Hi all,
Today, I’ll review a challenging delegation scenario, where I coordinated multiple parties to tackle concurrent upcoming feature.
Situation
It was end of Q1 of 2024; Q2 was starting up, and my team and I finalized the delivery of the first phase of the Feedback loop project. The end-of-Q2 deadline to meet NYDFS compliance was fast coming up, and it entailed two major deliverables: scans & exports on historical data and automation scan work on incremental data. My team and I were struggling in making a concrete plan on how to tackle two concurrent feature demands.
My Task
My tasks, as a senior engineer, were laid out, crystal clear, in front of me. I had to chart out upcoming feature deliverables for the next couple of Sprints delegate the work to my team members. The delegation challenged me. For multiple reasons.
Firstly, I had to clean up our Team’s DevOps board ; I not only had to write up new user stories and tasks, but I also had to modify and clean up existing ones. I did this to avoid duplicate future work and to avoid confusing my co-workers.
Secondly, I usually operate at the high-level design of features – I’m not my other colleagues who’re deeper in the technical woods of the codebases. This level of operation made it harder to fully understand the scope and the complexity of items to delegate.

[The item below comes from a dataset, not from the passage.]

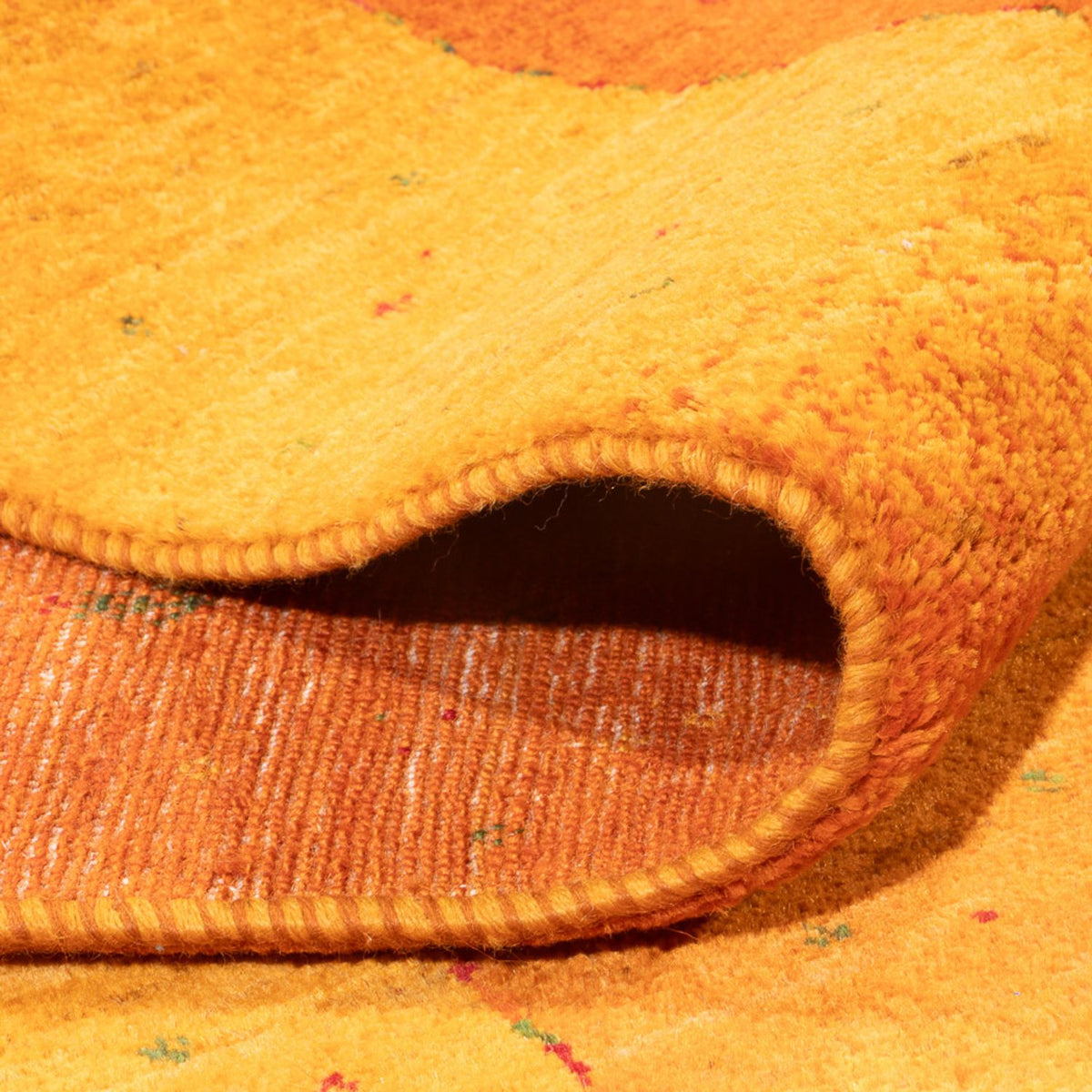 Tappeto Gabbeh - Loribaft Persero - 293 x 219 cm - arancione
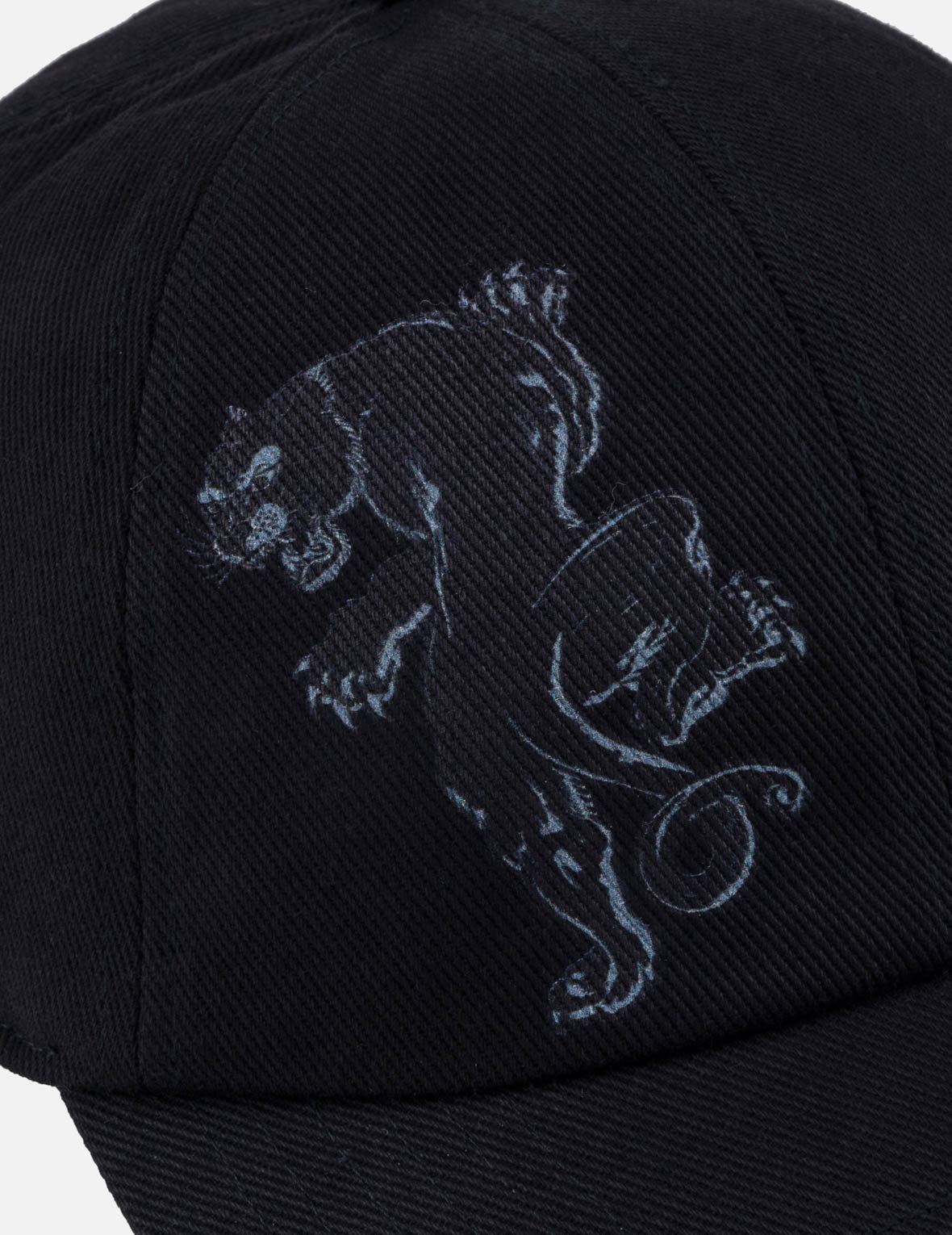 Hand-drawn style Brand Motif Cap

And thirdly, I had to delegate to team members with different backgrounds and experience levels. This added to the challenge, since I delegated to folks more experienced and less experienced than me. The skill of best positioning your resources and your people strategically is difficult.
Actions
So in order to write up the delegation, I took a series of actions.
My first action involved setting up dedicated one-on-one meetings with each member to understand what they’re currently working on and what they think they need to be working on.
Next, I created a summary-style bullet-point list identifying individual tasks and responsibilities for each party involved.
For my senior staff engineer, I recognized that his responsibility should be more advisory, so I tasked him to provide assistance with high-level design, ideation, and feedback on design documents.
For my junior engineer, I focused us on partitioning out individualized ownership of historical work and continuous work. He already came in with extensive background on historical scanning work, so I emphasized that he should prioritize wrapping up the coding, the testing, and the deployment for remaining databases before diving into automation can work.
And lastly, for me, a senior engineer, I thought focusing on design & development for the initial proof-of-concepts for automation work made the most sense. The feature was new, and we weren’t sure about what design mechanisms or technologies we’d use to handle the ambiguous requirements – requirements that I knew I’d have to clarify.
Result
In the end, I wrote up a clear delegation with delineated roles & responsibilities understood by all parties involved. I also coordinated with my team’s product owner by cleaning up our board – I re-wrote, deleted, and created new user stories. Doing so enabled me to shift my collaborators, my product owners, and my leadership into better roadmap alignment. We knew exactly what we needed to execute and what we needed to prioritize. Reflecting back, I can strongly see how the frontloaded delegation work positively shaped the team’s future to meeting its deliverables by the deadlines and avoid stepping over each other’s feet.